Р. Климов ПИТЕР БРЕЙГЕЛЬ
К числу ранних работ Брейгеля принадлежит цикл аллегорических изображений человеческих пороков. Их отличает холодная, черствая саркастич-- ность, а наряду с этим — глубокая убежденность в неразумности людей. Эти
качества в неменьшей мере свойственны исполненным по его рисункам гравюрам социально-сатирического характера, пользовавшимся в то время значительной известностью.
В произведениях, выполненных около 1557 года, роль человека несколько возрастает. Например, в большом пейзаже «Сеятель» фигурка крестьянина уже является для художника как бы непременной частью мира. Правда, за сеятелем летят птицы, выклевывающие брошенные им в землю зерна, но эта иллюстрация евангельской притчи является, в сущности, моментом скорее литературным, чем собственно художественным. В основе другой картины этого времени — «Падение Икара» также лежит иносказание: мир живет своей жизнью, и гибель отдельного человека не прервет ее коловращения. Но и здесь изображенная на переднем плане сцена пахоты и прибрежная панорама значат более, чем эта мысль (хотя она и подкреплена иллюстрациями ряда пословиц). Во всяком случае, ощущение размеренной жизни мира — а она действительно чувствуется в движении пахаря и в ритме пейзажа — более важно в картине, чем, казалось бы, определяющие ее иносказания.

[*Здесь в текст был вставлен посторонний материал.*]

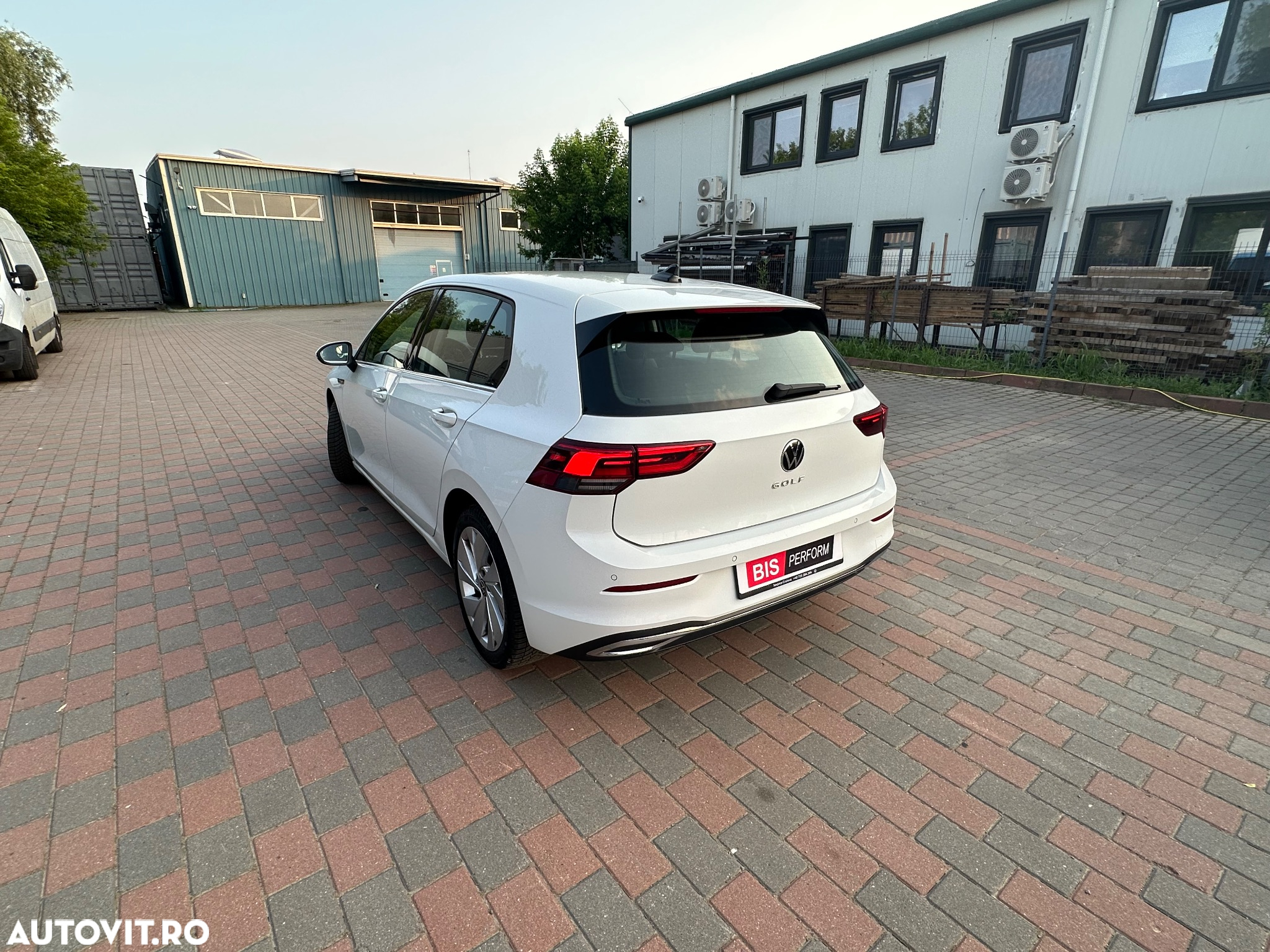 Volkswagen Golf 2.0 TDI DSG Style - 7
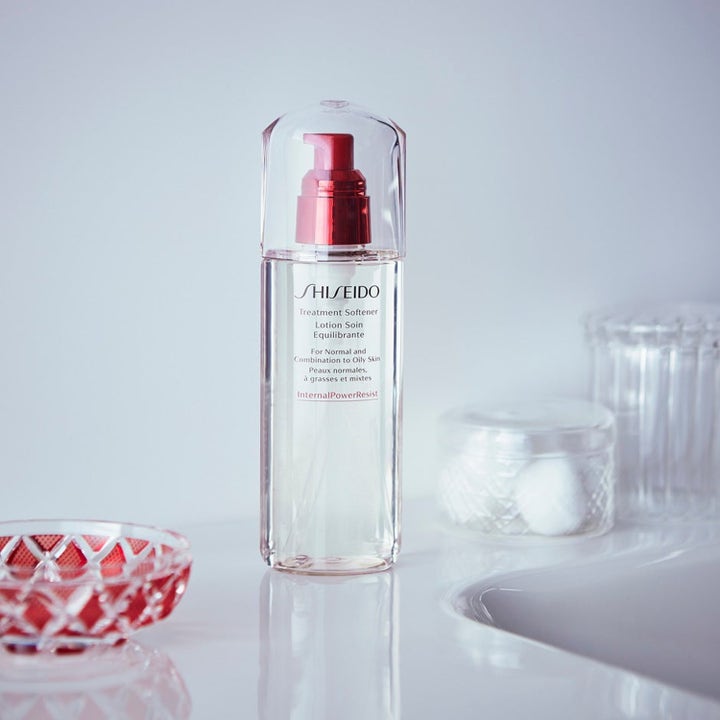 Shiseido Treatment Softener 200 ml fuktighetsgivende ansiktsvann i klar flaske med rød pumpe og kork
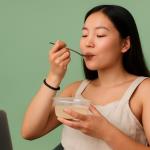 Schluss mit dem Mythos „Nach 18 Uhr nichts mehr essen“: Welche Lebensmittel vor dem Schlafengehen nicht schaden – und dem Körper sogar guttun können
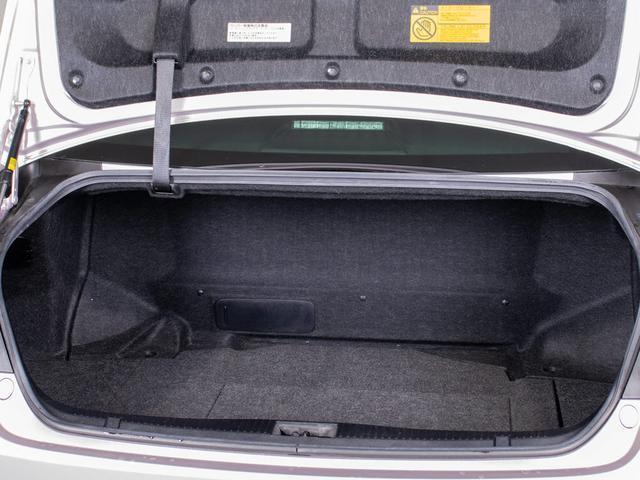 クラウンハイブリッド アスリートＧ　後期型「仄ローズメタリックオパール」（禁煙車）（白本革シート）（オプション１８インチＡＷ）（衝突軽減ブレーキ）（踏み間違い防止機能）（フルエアロ）レーダークルーズ　記録簿９枚　Ｂｌｕｅｔｏｏｔｈ（31枚目）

Однако было бы совершенно неверно отрицать при этом философско-пессимистический оттенок ранних работ Брейгеля. Но он кроется не только в литературно-иносказательной стороне его картин; в еще большей мере он проявляется в особенностях его точки зрения. Созерцающий мир сверху, извне, живописец как бы остается с ним один на один. Он вырван из него — и мир во всем своем величии и человек во всей своей незначительности открыты его взору. Здесь имеет место на первый взгляд странное, а по-своему очень закономерное явление — вся та значительность, которой был наделен человек в произведениях мастеров Возрождения, оказалась перенесенной на зрителя — одинокого и молчаливого созерцателя вселенной.
Работы, в которых нашла свое проявление эта точка зрения, многое поясняют даже в зрелом творчестве Брейгеля, однако они скорее лишь предваряют его полный расцвет.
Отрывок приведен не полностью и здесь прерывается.